Toutefois, l’acceptation de cette défense dépendra des circonstances spécifiques de chaque cas et de la législation applicable.

L’ABSENCE DE FAUTE

L’absence de faute d’imprudence, de négligence ou de manquement à une obligation de prudence ou de sécurité prévue par la loi ou le règlement est un principe selon lequel une personne ne peut être tenue responsable pour un dommage ou un incident s’il est démontré qu’elle a pris toutes les précautions nécessaires pour l’éviter, conformément aux exigences légales ou réglementaires.

Pour engager la responsabilité d’une personne, il faut souvent prouver qu’il y a eu une faute de sa part. Cette faute peut prendre diverses formes :

  • Imprudence : agir sans précaution ou sans attention nécessaire dans une situation donnée.
  • Négligence : omettre de faire quelque chose qui aurait dû être fait selon les circonstances, par inattention ou désinvolture.
  • Manquement à une obligation légale ou réglementaire : ne pas respecter un devoir spécifié par la loi ou par un règlement, qu’il s’agisse de règles de sécurité, de prudence ou d’autres prescriptions.

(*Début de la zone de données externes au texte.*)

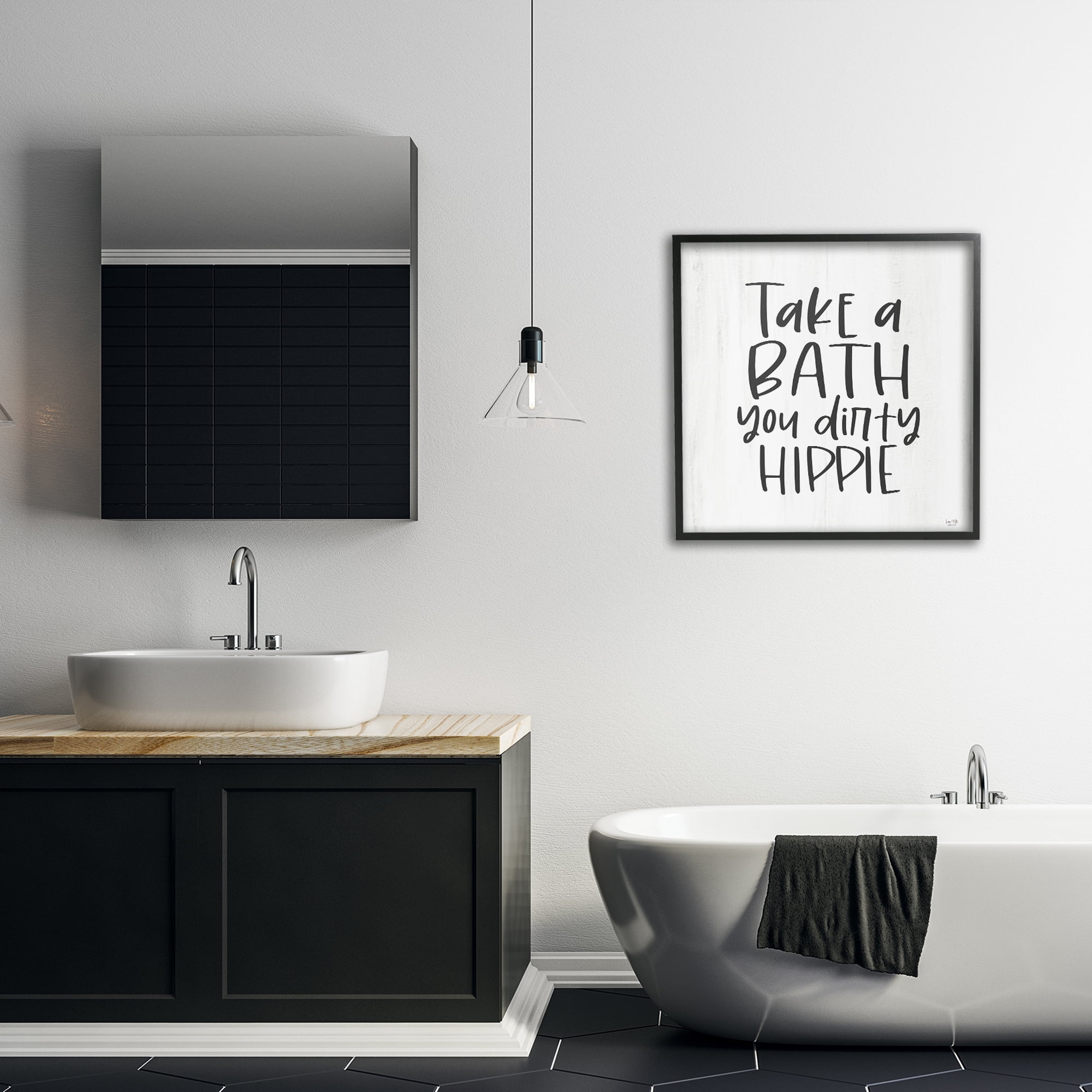 Stupell Industries Take A Bath Dirty Hippie Black Framed Giclee Art, design by Lux + Me Designs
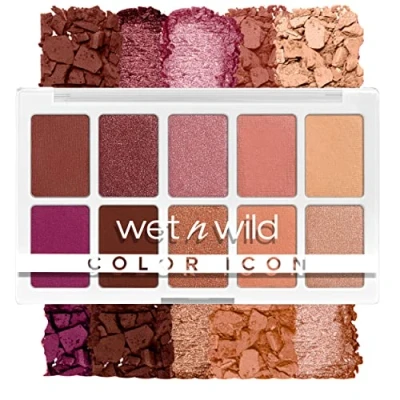 Bild av Wet n Wild Color Icon 10 Pan Palette, Ögonskuggspalett med Ljusa och Matta Ögonskuggsfärger för Dag Natt, Långvarig Lättblandad Formula, Heart &amp; Sol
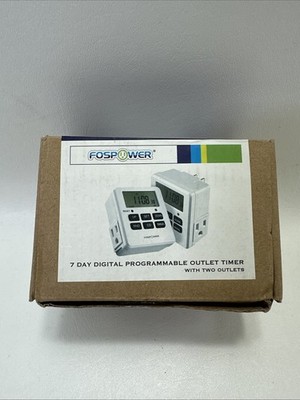 Fospower 7 Day Digital Timers for Electrical Outlets Indoor, Heavy Duty Dual ...
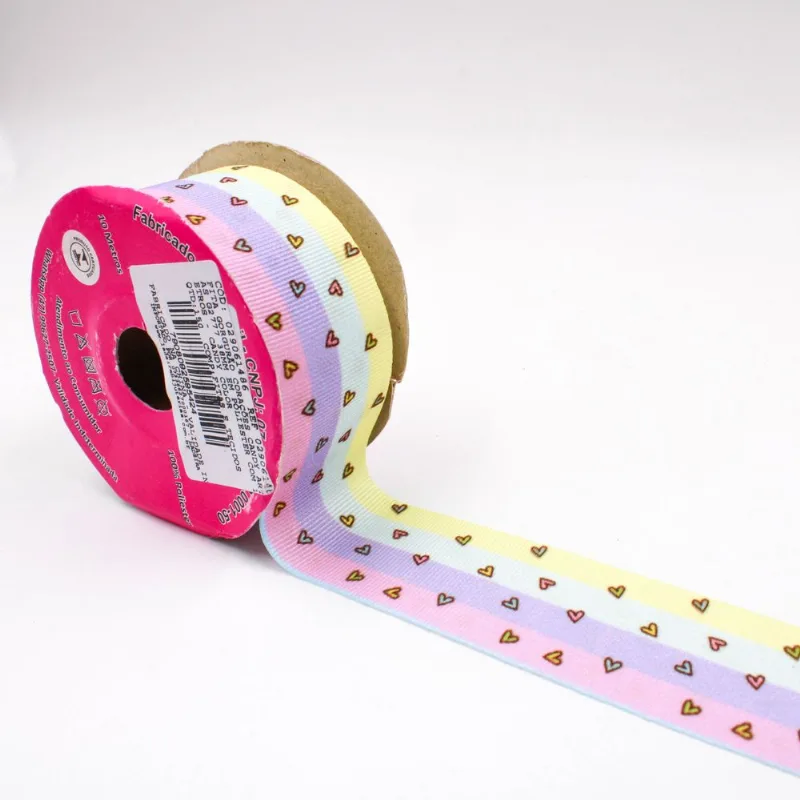 FITA GORGURÃO CORAÇÕES CANDY ART FITAS G2777 38MM EM POLIESTER COM 10 METROS 486 - Candy Color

Si un dirigeant ou toute autre personne peut prouver qu’elle a respecté toutes les obligations légales et réglementaires et qu’elle a agi avec la diligence nécessaire, elle ne sera généralement pas considérée comme responsable en cas de dommage ou d’accident.


À retenir

A retenir

« Nul n’est censé ignorer la loi ». En France, les exploitants d’établissements professionnels sont responsables pénalement et/ou civilement. Ils doivent connaitre et respecter les normes afin de limiter les conséquences.